The center doesn’t hold in The Way, Way Back, and neither does the bulk of the movie, a coming-of-age comedy-drama that’s part The Ice Storm, part The Graduate, and wholly workshopped to death. The title refers to the back-facing rear seat of an old-fashioned Buick station wagon that shuttles Duncan to summer-vacation hell. Rebounding from a divorce, Duncan’s mother Pam (Toni Collette) wants him to bond with her boyfriend Trent (Steve Carell) and Trent’s stuck-up daughter Katy (Ava Deluca-Verley), but Trent is an overbearing scold who tries too hard to assert himself as the boy’s new father. Girl-next-door Susanna (AnnaSophia Robb) sees something in this inarticulate blob of a kid, but Duncan doesn’t show any real signs of life until he meets Owen (Sam Rockwell), the goofball proprietor of a dilapidated water park named Water Wizz. When Duncan gets a job at the park, he finds a warm surrogate family to take him away from his dysfunctional real one.
Rockwell was given the latitude to turn Owen into an affable variation on the eccentric man-children he’s played from Box Of Moonlight to Seven Psychopaths, and he’s by far the best thing about The Way, Way Back—so good, in fact, that his splashtown fiefdom suggests another, much better movie. But Owen exists only insofar as he can help Duncan find his way, and that goes double for Susanna, who’s shown as smarter than the other girls primarily because she brings a book to the beach. They’re coming-of-aides, there to assist in Duncan’s emotional development, then ultimately choke on the exhaust as he peels away from them.

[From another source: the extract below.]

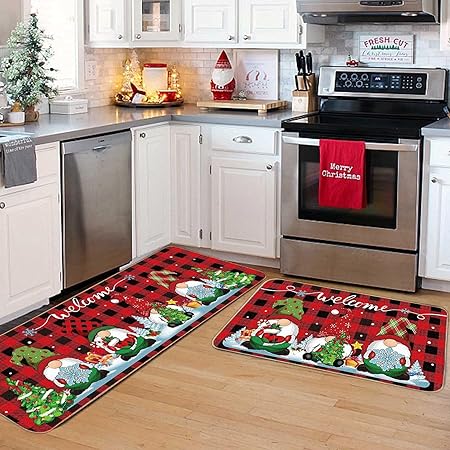 Green Monster Non Slip Christmas Kitchen Decoration, Set of 2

Faxon and Rash won an Oscar with Alexander Payne for adapting the screenplay for Payne’s The Descendants, but they don’t share Payne’s gift for evocative visual detail. Where The Descendants brought a rich sense of how ordinary Hawaiians go about their everyday lives in paradise, Faxon and Rash barely make it clear where The Way, Way Back takes place, other than some antiquated beach town that pipes in a lot of 1980s adult-contempo hits. John Bailey’s camera shrugs through a series of indifferently staged scenes that rely too heavily on a name cast and predictable dramatic beats to bring them sputtering to life. There’s a potentially compelling story here about children of divorce and the tentative ways they set about forging their own relationships, but the filmmaking is too rudimentary to draw it out subtly. Faxon and Rash cut Duncan a clear, broad path to growth and perspective, but the audience can see where it's going long before it gets there.